* [Recorded information]
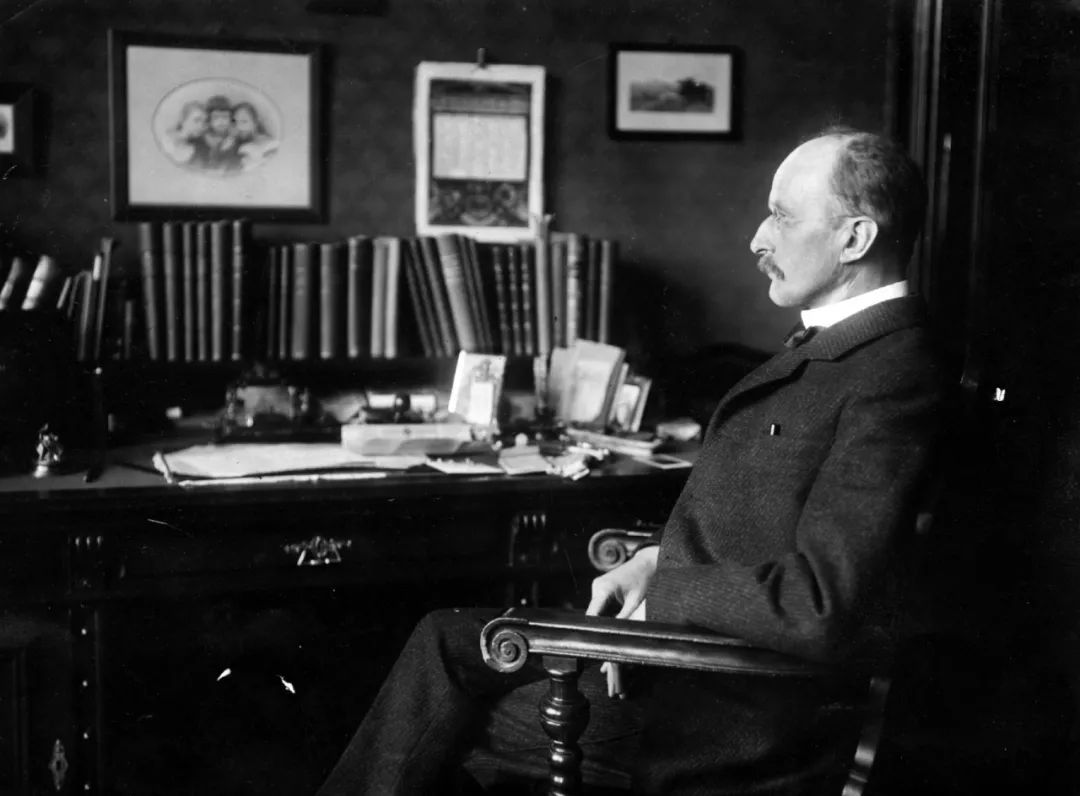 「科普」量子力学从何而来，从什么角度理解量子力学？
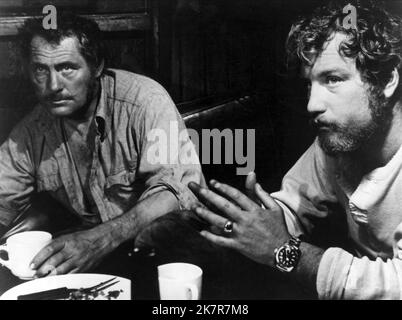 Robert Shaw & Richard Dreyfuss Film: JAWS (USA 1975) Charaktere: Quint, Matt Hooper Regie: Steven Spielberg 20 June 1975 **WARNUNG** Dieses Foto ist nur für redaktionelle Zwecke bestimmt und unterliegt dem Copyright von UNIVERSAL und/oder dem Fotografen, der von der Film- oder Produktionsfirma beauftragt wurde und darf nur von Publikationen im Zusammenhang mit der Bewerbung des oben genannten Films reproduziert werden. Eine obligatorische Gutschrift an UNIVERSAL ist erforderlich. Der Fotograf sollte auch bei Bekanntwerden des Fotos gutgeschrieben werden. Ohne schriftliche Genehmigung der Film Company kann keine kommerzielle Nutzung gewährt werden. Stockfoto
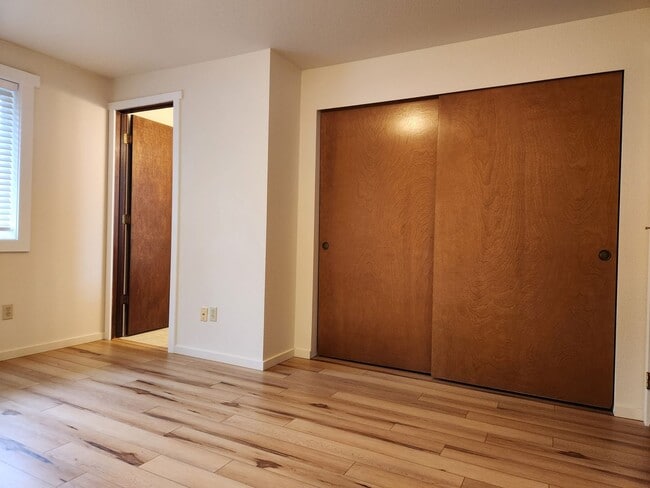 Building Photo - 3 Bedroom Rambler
...
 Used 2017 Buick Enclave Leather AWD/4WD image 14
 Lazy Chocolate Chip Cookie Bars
--
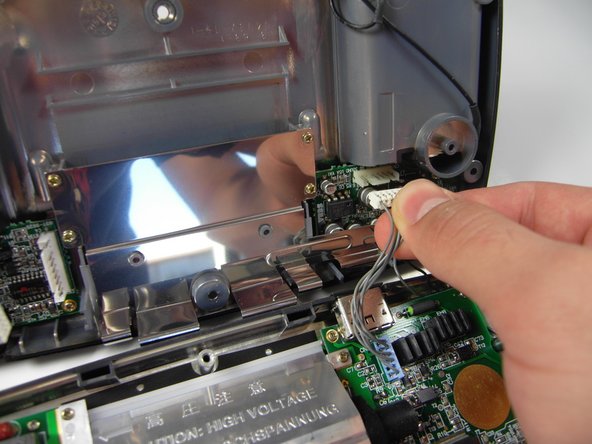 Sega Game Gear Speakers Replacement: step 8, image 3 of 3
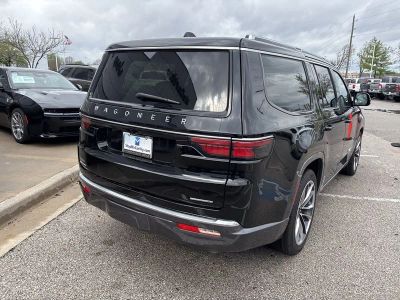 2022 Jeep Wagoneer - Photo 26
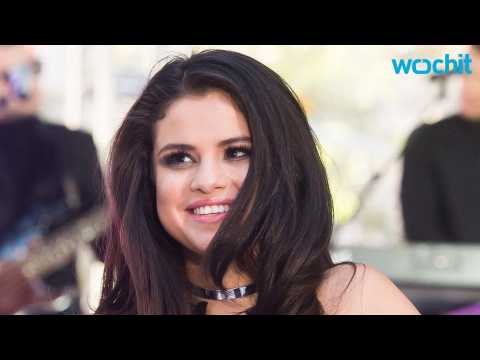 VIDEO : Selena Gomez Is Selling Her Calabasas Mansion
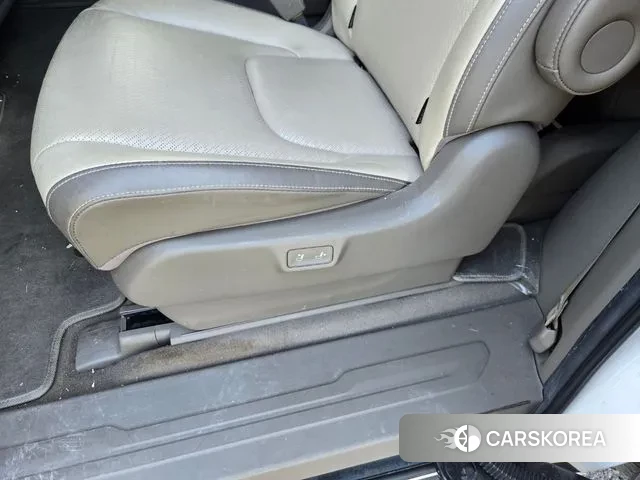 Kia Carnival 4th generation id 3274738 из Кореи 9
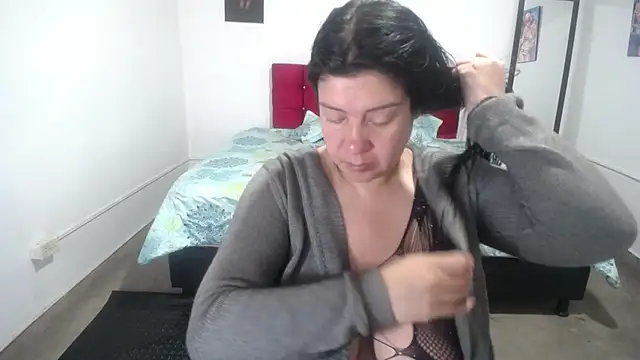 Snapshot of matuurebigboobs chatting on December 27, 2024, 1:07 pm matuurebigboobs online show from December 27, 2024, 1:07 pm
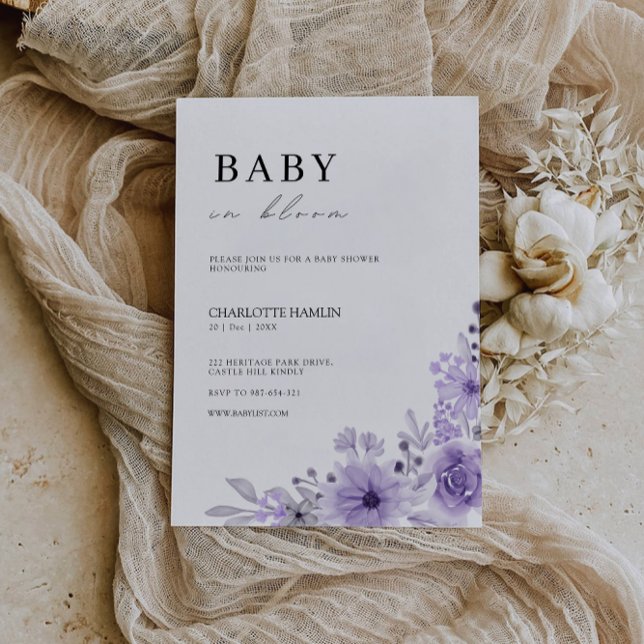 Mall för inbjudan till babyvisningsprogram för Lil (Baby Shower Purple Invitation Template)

* [Task to carry out]
Which part of the entries opens with the line containing "Kia Carnival 4th" and closes with the line containing "Mall för inbjudan"? Output that part exactly, ends included, pictures excluded.

* [Answer for this exercise]
 Kia Carnival 4th generation id 3274738 из Кореи 9
 Snapshot of matuurebigboobs chatting on December 27, 2024, 1:07 pm matuurebigboobs online show from December 27, 2024, 1:07 pm
 Mall för inbjudan till babyvisningsprogram för Lil (Baby Shower Purple Invitation Template)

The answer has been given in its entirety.